Numerical simulations of depressurization-induced gas production from an interbedded turbidite gas hydrate-bearing sedimentary section in the offshore India: Site NGHP-02-16 (Area-B)

Abstract

Abstract The recent National Gas Hydrate Program Expedition 02 (NGHP-02) identified the existence of gas hydrate-bearing sand reservoirs at a number of sites in the offshore of India including Site NGHP-02-16 in Area-B of the Krishna-Godavari Basin. The architecture of that gas hydrate accumulation is characterized by thin, gas hydrate-bearing, high quality sand layers interbedded with mud layers within a turbidite sedimentary interval.

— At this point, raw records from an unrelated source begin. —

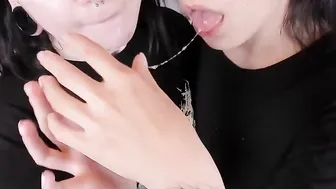 Tried her sweet mouth full of drooling and I liked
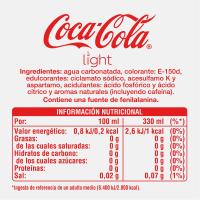 Refresc de cola light COCA-COLA, llauna 33 cl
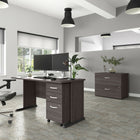 Bush Business Furniture - Bureau d'ordinateur 60 po l Studio A - gris orage-L'engagement de Bush Business Furniture en matiere de securite comprend des tests rigoureux qui respectent ou surpassent les normes ANSI/BIFMA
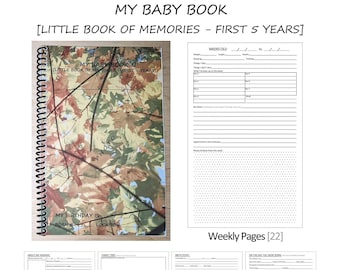 My Baby Memories Book [Spiral Bound] - Observations and photos, Lists of Firsts, My Birth Story, and lots more! {Shipped to you}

The lowest gas hydrate-bearing layer contacting a thinly-interbedded saline aquifer designates the base of the gas hydrate stability zone (BGHSZ). The proximity of the BGHSZ and the average temperature around 20 °C make the reservoir a favorable target for hydrate destabilization by means of the depressurization method. The results of the reservoir simulations indicate high gas production potential from this marine gas hydrate deposit with manageable concomitant water production using a well completion design that hydraulically isolates layers with water-saturated sands. Using a detailed geological input model, the predicted cumulative gas rates reach ∼3.1 × 104 m3/day (∼1.1 MMscf/day) after 90 days of continuous depressurization and demonstrate sustained production rates ∼3.0 × 104 m3/day (∼1.0 MMscf/day) after 5 years of production. The interbedded nature of this gas hydrate occurrence promotes the development of horizontal dissociation interfaces between gas hydrate-bearing sand and mud layers. As a result, non-uniform gas production along the horizontal interfaces becomes a primary determinant of reservoir performance. Simulation cases have been executed to determine the impact of the uncertainty in in situ reservoir permeability and the manner in which intrinsic permeability dynamically changes during dissociation in response to the imposed effective stress increase. The cases based on low initial effective permeability and high sensitivity of compaction to stress result in the least favorable production predictions.